— What the exercise asks —
Every line from the one with "Silver vintage bird" to the one with "Handmade Stained Glass", including those two, is to be copied exactly; all other lines of the entries below are left out.

Web page caption snippets
···
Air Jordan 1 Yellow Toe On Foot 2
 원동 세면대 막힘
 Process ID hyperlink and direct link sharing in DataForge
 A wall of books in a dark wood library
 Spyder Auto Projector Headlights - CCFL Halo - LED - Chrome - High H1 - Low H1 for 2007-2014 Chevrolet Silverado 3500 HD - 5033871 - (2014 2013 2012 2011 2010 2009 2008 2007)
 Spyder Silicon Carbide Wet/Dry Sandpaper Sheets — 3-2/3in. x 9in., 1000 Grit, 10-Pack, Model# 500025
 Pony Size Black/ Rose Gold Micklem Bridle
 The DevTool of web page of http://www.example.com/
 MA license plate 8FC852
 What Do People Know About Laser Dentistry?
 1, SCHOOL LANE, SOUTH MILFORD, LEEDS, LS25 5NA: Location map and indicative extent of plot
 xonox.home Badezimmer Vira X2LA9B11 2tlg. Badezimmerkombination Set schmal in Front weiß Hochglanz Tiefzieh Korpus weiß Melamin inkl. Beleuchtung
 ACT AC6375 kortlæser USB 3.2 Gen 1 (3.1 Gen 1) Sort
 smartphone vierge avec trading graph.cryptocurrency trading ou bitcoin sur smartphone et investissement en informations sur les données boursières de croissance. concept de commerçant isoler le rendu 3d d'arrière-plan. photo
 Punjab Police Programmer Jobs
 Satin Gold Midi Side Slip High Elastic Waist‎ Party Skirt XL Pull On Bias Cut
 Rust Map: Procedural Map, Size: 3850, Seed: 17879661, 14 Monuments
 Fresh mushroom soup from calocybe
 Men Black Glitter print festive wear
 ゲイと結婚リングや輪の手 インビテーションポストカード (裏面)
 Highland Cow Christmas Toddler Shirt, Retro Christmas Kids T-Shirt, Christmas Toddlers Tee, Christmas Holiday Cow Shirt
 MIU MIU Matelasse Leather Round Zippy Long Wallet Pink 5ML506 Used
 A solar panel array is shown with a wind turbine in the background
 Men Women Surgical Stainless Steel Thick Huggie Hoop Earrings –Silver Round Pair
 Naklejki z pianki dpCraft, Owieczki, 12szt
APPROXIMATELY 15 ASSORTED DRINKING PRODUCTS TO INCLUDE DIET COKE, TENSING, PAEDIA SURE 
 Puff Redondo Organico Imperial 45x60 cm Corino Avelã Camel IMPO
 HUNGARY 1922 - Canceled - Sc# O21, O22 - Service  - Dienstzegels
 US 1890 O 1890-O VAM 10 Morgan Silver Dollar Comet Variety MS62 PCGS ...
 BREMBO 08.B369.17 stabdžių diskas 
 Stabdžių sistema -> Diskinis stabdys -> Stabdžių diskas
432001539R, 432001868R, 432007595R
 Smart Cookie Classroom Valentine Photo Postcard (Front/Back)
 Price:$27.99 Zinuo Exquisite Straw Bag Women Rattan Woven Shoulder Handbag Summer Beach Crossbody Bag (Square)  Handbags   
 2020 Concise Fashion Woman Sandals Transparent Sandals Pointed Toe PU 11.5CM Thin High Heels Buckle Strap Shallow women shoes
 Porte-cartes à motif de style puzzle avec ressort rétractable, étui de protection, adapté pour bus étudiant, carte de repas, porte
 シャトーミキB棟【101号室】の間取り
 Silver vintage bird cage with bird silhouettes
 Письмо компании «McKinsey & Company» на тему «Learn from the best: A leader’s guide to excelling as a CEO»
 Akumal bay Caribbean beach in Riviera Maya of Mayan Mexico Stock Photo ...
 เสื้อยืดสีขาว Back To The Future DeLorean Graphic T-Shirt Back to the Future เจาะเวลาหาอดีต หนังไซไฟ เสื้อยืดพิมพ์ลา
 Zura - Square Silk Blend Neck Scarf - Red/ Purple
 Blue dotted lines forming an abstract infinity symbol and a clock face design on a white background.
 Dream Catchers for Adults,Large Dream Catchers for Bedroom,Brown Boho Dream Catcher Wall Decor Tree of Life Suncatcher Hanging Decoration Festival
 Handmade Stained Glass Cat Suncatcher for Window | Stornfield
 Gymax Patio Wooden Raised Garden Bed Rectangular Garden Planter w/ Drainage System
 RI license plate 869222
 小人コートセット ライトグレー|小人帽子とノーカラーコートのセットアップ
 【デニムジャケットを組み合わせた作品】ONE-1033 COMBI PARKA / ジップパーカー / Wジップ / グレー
···
— Solution to the exercise —
 Silver vintage bird cage with bird silhouettes
 Письмо компании «McKinsey & Company» на тему «Learn from the best: A leader’s guide to excelling as a CEO»
 Akumal bay Caribbean beach in Riviera Maya of Mayan Mexico Stock Photo ...
 เสื้อยืดสีขาว Back To The Future DeLorean Graphic T-Shirt Back to the Future เจาะเวลาหาอดีต หนังไซไฟ เสื้อยืดพิมพ์ลา
 Zura - Square Silk Blend Neck Scarf - Red/ Purple
 Blue dotted lines forming an abstract infinity symbol and a clock face design on a white background.
 Dream Catchers for Adults,Large Dream Catchers for Bedroom,Brown Boho Dream Catcher Wall Decor Tree of Life Suncatcher Hanging Decoration Festival
 Handmade Stained Glass Cat Suncatcher for Window | Stornfield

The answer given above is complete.